[ASSIGNED TASK]
The copy must hold every line from the one with "Okay, welcome back" through the end of the listing, word for word, and must hold no pictures.

[RECORDED DATA]

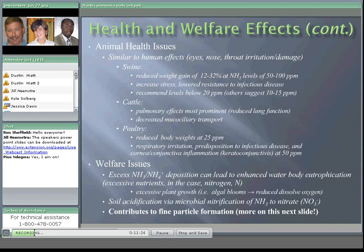Welfare issues are where ammonia gets interesting from a regulatory standpoint. Excessive ammonia or ammonium can lead to eutrophication in water bodies — excessive nutrients, in this case nitrogen — causing excessive plant growth, algal blooms, reduced dissolved oxygen, and death of the water body system. You can also get soil acidification through the microbial nitrification of ammonia to nitrate. But the key welfare issue I want to focus on is the contribution of ammonia to fine particle formation.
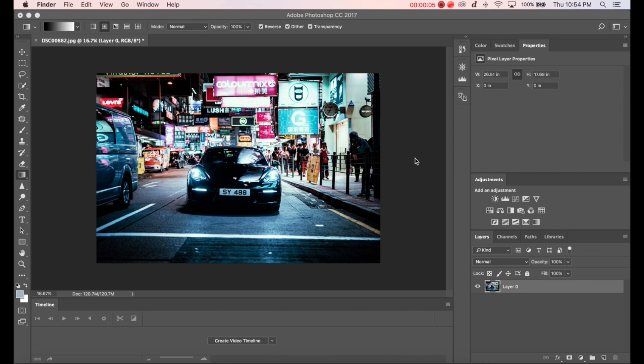Okay, welcome back to another quick tutorial. This time I'm going to be showing you how to create or fake the zoom burst effect inside of Photoshop.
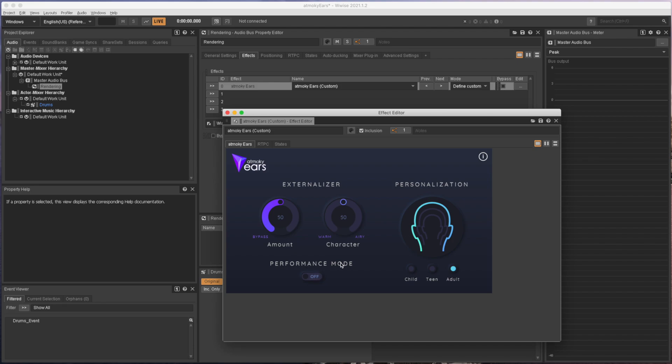The externalizer helps to create that out of the head feeling which is important for a convincing spatial audio experience. So let's listen to the drums with the externalizer turned off.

[SOLUTION]
Okay, welcome back to another quick tutorial. This time I'm going to be showing you how to create or fake the zoom burst effect inside of Photoshop.
The externalizer helps to create that out of the head feeling which is important for a convincing spatial audio experience. So let's listen to the drums with the externalizer turned off.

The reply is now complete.